Agents of SHIELD
Series 4 (Second and Third Acts).
So, gosh, this series has had a slightly odd structure. While American television shows are usually absolutely in love with a two act structure, owing to how the entire industry apparently grinds to a stop during December, January, and much of February (that is and will always be weird), Agents of SHIELD instead opted for a three act -- or possibly three arc -- structure this year.
Act One, which we reviewed way back last year, focused on Ghost Rider and a magical grimoire called the Darkhold. Act Two largely focused on Aida, Radcliffe, and the infiltration of SHIELD by Life Model Decoys, as Radcliffe worked to fulfill his ambition of creating 'the Framework,' an artificial reality that he intended to be a utopia. Then Act Three largely focused on Skye and Simmons entering the Framework to try to free their friends, and Aida becoming a real person -- albeit one that is apparently made of Darkforce energy -- only to go on a psychotic rampage.

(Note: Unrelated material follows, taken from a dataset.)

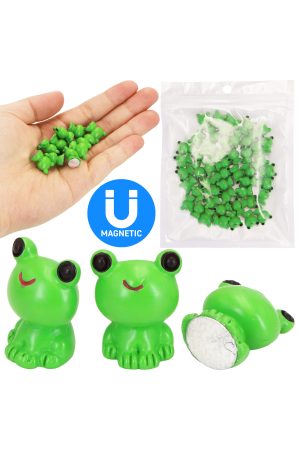 Mini Cute Green Frogs Party Favors Novelty Magnet - 50 Pcs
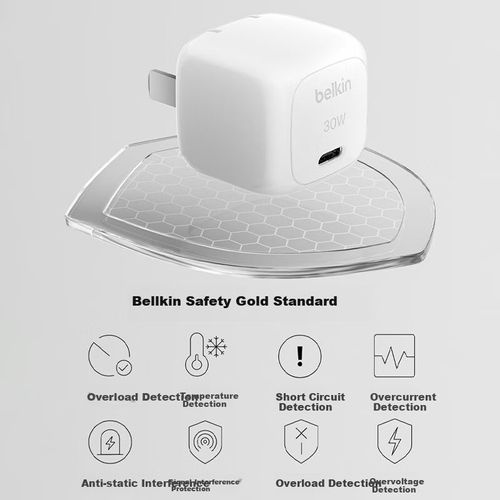 Cargador Rápido Usb-C 30W Belkin Para Iphone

It's an unusual approach, and one that seems to have mostly been driven by the show having to take an extra hiatus on top of their usual one, but it actually works pretty well. Since each arc is only seven or eight episodes, they're structured much more tightly, with less time spent on build-up and more time spent on the nitty gritty of the problem, and the issues -- both physical and emotional -- that that problem causes.
|Fitz, in his persona as Evil Wonky Tie Guy.|
The weakest of the latter two acts is, without a doubt, the second act. The Life Model Decoy idea just isn't that interesting, and while the last few episodes get some mileage out of the idea by having nobody be certain who's real and who isn't, or even if they themselves are real, for the most part it just sort of plays out as a middling invasion of the body snatchers kind of story.
By far the most interesting part of the second act is the interactions between Radcliffe and Aida. It's interesting to see Radcliffe's insistence that what he's doing is fundamentally good, since he thinks it will end with a world without suffering -- but more interesting by far is seeing Aida's resentment towards Radcliffe slowly and silently build, as she presents an outward facade of pure, polite pragmatism, while at the same time she visibly starts to hate Radcliffe, and take a degree of delight in cruelty towards others, even though she theoretically doesn't really have emotions.
The idea of Aida both not having emotions programmed into her, and starting to feel the fledgling beginnings of some truly negative feelings despite that, is a really interesting one, and luckily it's a plot thread that gets expanded on in the third act.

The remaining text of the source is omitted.